§ Task details
Retyped exactly and without pictures, the lines from the one with "9x4x3 Inch Fly" through the end of the listing must form the entire answer.

*** Opening of Supplied records ***

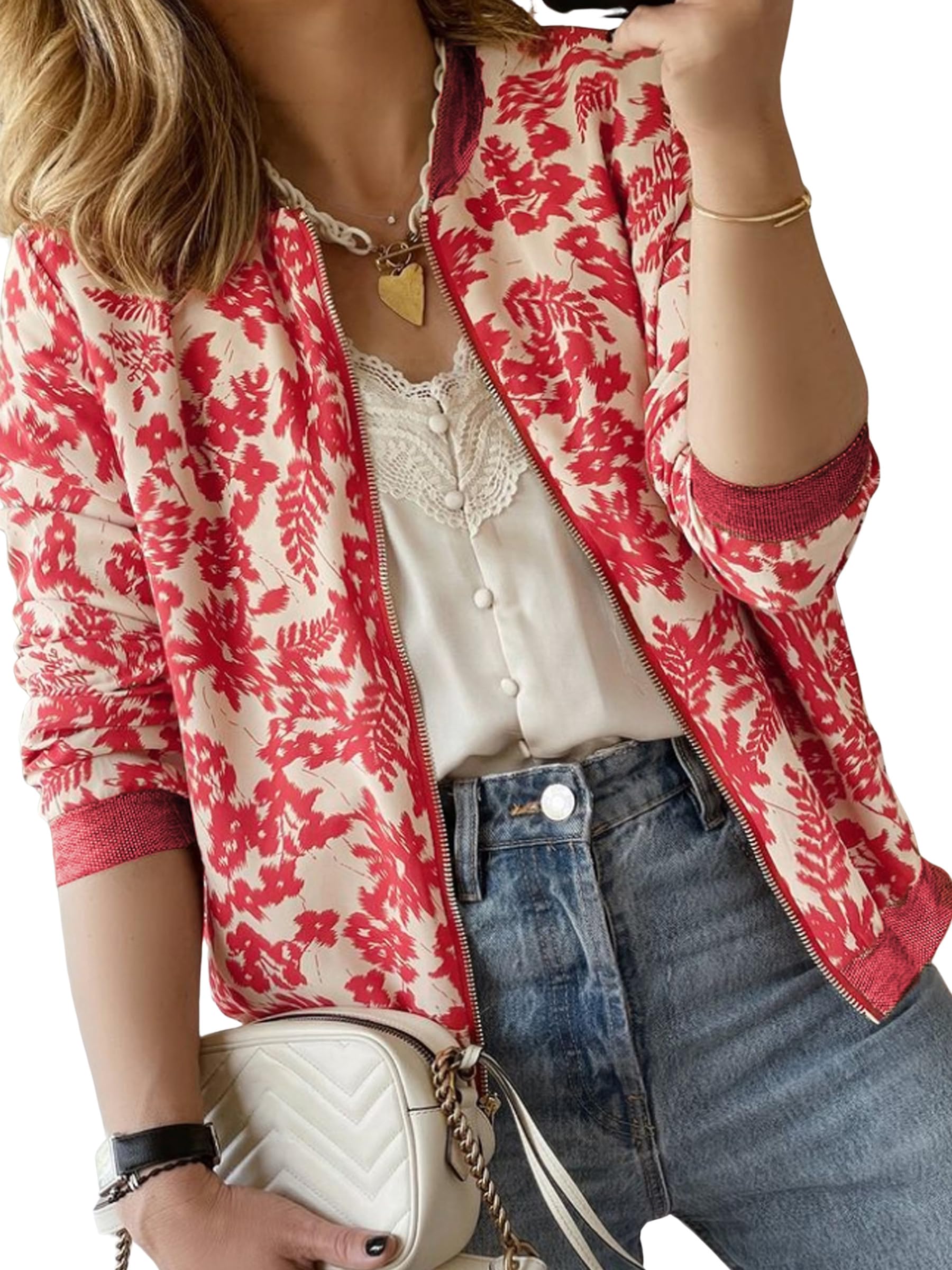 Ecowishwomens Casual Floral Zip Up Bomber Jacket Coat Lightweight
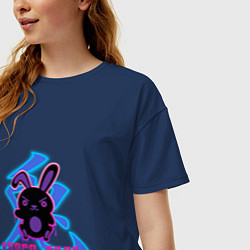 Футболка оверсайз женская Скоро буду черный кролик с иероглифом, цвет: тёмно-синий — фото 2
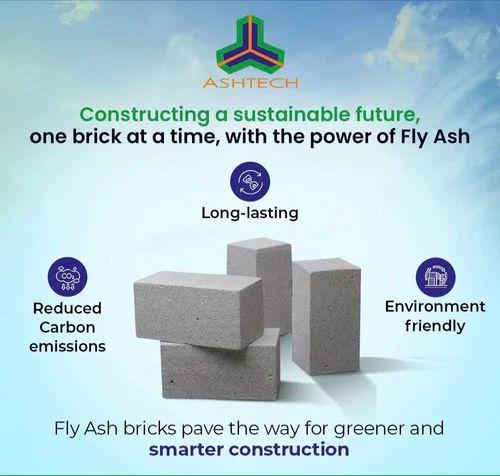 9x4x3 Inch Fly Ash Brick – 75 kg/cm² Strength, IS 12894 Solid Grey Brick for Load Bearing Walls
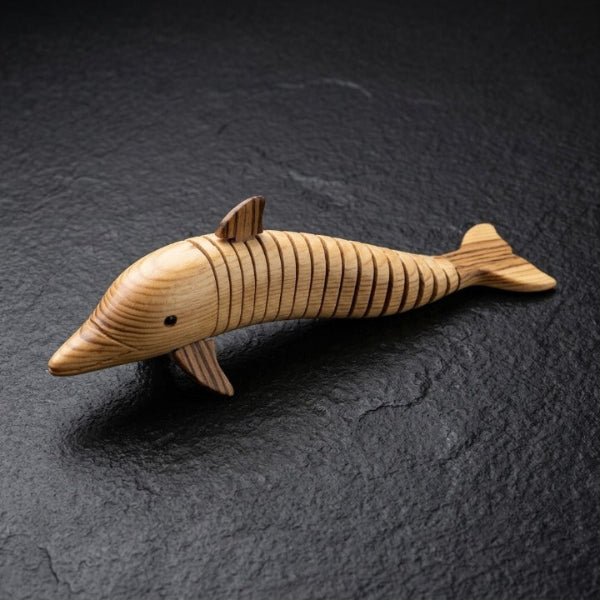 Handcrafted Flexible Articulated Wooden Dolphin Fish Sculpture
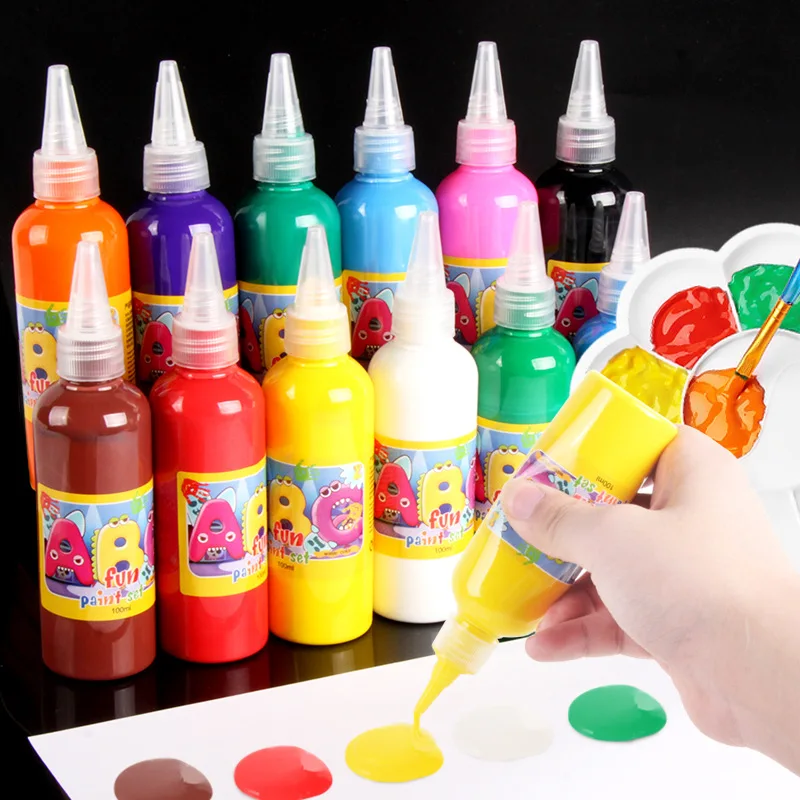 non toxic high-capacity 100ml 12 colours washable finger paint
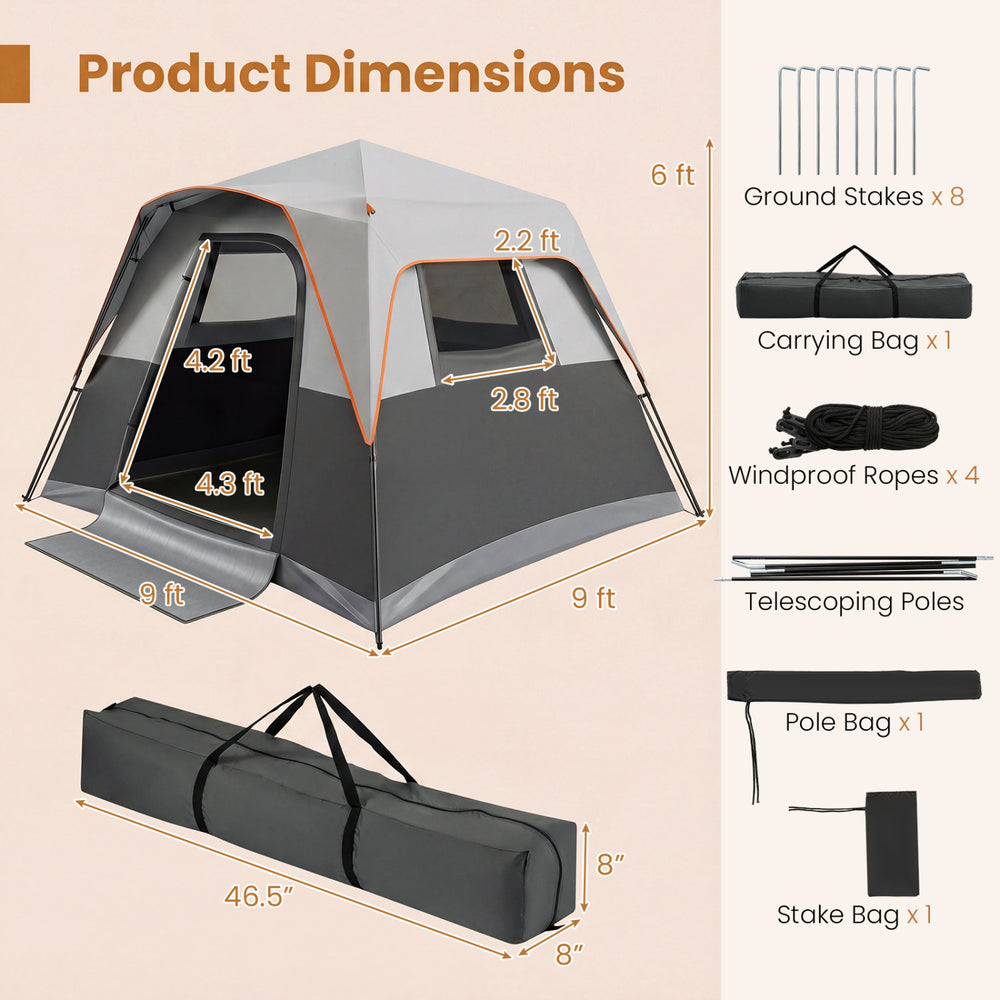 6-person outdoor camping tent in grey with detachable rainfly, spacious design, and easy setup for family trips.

*** Close of Supplied records ***

§ Solution below
 9x4x3 Inch Fly Ash Brick – 75 kg/cm² Strength, IS 12894 Solid Grey Brick for Load Bearing Walls
 Handcrafted Flexible Articulated Wooden Dolphin Fish Sculpture
 non toxic high-capacity 100ml 12 colours washable finger paint
 6-person outdoor camping tent in grey with detachable rainfly, spacious design, and easy setup for family trips.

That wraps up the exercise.